Diğer bir deyişle, Kanthal’ın müşterilerinin çok küçük bir azınlığı diğer müşterilerden kaynaklanan çok büyük zararları telafi ediyordu. Sonuç olarak, Kanthal’ın müşterilerinin %10’u şirketin kârlılığının neredeyse yarı yarıya düşmesine yol açıyordu. En şaşırtıcı olansa, en büyük zarar yol açan bu şirketlerden ikisi, gelirler açısından Kanthal’ın en büyük 3 müşterisi arasındaydı. Bir yönetici bu durumda ne yapardı? İsveç sanayii üzerindeki vergi yükü ağırdır, sanayi son derece sıkı düzenlemelere tabi ve sendikalaşmış bir yapıdadır. “Bu ülkede olmaz!” diyebilirsiniz.

Ama oldu. Amerikan şirketlerinin her şeyi sayılarla ifade etmeye bayıldığını hepimiz biliriz. Yakın zamanda yapılmış bir Ernst & Young araştırmasına göre, Fortune 500 şirketlerinin üçte ikisi müşteri ilişkilerinin değerini ölçmektedir. Ancak E&Y, en yaygın değer ölçümünün, bu dev şirketler de bile kârlılıktan çok gelirler açısından olduğunu belirtmiştir.

Üreticiler, sattıkları ürünlerin brüt kâr marjlarını hesaplayabilir. Ancak, müşterilerin yarattığı ürün dışı maliyetleri belirlemekte ve hesaplamakta zorlanmaktadırlar.

Bu durum birkaç yıl içinde değişecektir. Dikkatlerini hissedar değeri üzerine yoğunlaştıran CFO’lar, kârlılığa daha fazla dikkat etmek zorunda kalacaklardır. Kıt kaynakları müşteri ilişkilerine ayırması gereken üst düzey satış ve pazarlama yöneticileri bu ilişkileri çok daha kapsamlı şekilde tahlil etmek zorunda kalacaktır.

Pazar liderleri, stratejik müşteri programları alanında gerçek değer ölçümüne doğru kaymaktadır. Kapsamlı adımlar basittir. Öncelikle, her müşterinin kârlılığında bir kazanç ya da maliyet olarak sayılması gereken her şeyi göz önünde bulunduran bir model ya da mantıksal bir resim geliştirin.

İkinci olarak, müşterilerinize değer katarken şirketinizin maliyetlerini artıran etmenleri tanımlayın. Üçüncü olarak, fiziksel bir varlığa yaptığınız gibi stratejik bir ilişkinin şu anki ne değerini tahmin edin. Sonuncusu, ancak en önemlisi olarak, stratejik ilişkilerinizi varlıklarınızı yönetir gibi yönetin.

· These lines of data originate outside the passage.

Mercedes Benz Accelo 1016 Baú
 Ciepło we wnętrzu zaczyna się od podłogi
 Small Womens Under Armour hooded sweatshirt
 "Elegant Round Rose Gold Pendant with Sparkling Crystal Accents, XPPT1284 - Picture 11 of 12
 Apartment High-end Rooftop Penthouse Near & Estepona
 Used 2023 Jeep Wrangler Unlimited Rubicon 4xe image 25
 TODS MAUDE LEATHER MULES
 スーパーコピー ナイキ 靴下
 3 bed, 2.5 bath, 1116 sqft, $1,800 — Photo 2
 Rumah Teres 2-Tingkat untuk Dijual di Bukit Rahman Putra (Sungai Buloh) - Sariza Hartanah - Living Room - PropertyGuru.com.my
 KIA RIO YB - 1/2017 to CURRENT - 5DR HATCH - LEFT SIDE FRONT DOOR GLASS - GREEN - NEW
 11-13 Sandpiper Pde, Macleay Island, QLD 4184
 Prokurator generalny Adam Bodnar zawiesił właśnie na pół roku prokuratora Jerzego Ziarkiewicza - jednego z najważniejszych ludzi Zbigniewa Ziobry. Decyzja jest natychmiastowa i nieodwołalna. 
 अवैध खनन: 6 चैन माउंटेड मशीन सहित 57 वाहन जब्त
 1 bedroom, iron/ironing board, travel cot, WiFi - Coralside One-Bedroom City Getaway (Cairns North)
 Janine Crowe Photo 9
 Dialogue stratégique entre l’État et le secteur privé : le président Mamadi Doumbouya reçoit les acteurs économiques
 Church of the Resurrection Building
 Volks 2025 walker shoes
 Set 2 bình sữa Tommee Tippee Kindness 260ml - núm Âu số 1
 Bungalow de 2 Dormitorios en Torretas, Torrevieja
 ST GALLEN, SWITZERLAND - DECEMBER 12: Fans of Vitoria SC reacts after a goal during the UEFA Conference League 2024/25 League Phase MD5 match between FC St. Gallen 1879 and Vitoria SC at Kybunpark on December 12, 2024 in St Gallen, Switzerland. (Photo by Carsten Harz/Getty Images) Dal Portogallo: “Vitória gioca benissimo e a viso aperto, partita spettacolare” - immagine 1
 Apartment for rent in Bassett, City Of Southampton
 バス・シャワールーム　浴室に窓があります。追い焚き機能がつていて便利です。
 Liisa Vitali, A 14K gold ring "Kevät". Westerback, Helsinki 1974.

Çoğu şirket, hala zamanının ve harcamalarının çoğunu ilişki varlıklarını yönetmeye değil fiziksel varlıklarını yönetmeye ayırmaktadır. Ancak, en iyi ilişki varlıkları fiziksel varlıkların değerinden kat kat daha değerli olabilir. Durum böyleyken, bunun için biraz daha çaba göstermeye değmez mi?

Ancak bir işe başlamak küçük çabalardan fazlasını gerektirir. İlk adım: Kârlılığı nasıl modellersiniz? Muhasebecilerin ve satış yöneticilerinin tüm maliyetlerin nasıl ölçüleceği, bir müşterinin oluşturacağı olası gelir ve net değeri konusunda uzlaşmaya varmalarını nasıl sağlarsınız? Düşünme yapısında değişime ve şirket içindeki çatışmalı ilişkilere bir son verilmesine gerek vardır.

Şu anda müşteri değerini ölçmekte olan şirketler, bu çabaya değdiğini; talepkâr ve kârlı olmayan müşterilerinin rakipleri tarafından kapılmasına da aldırmadıklarını belirtmektedirler.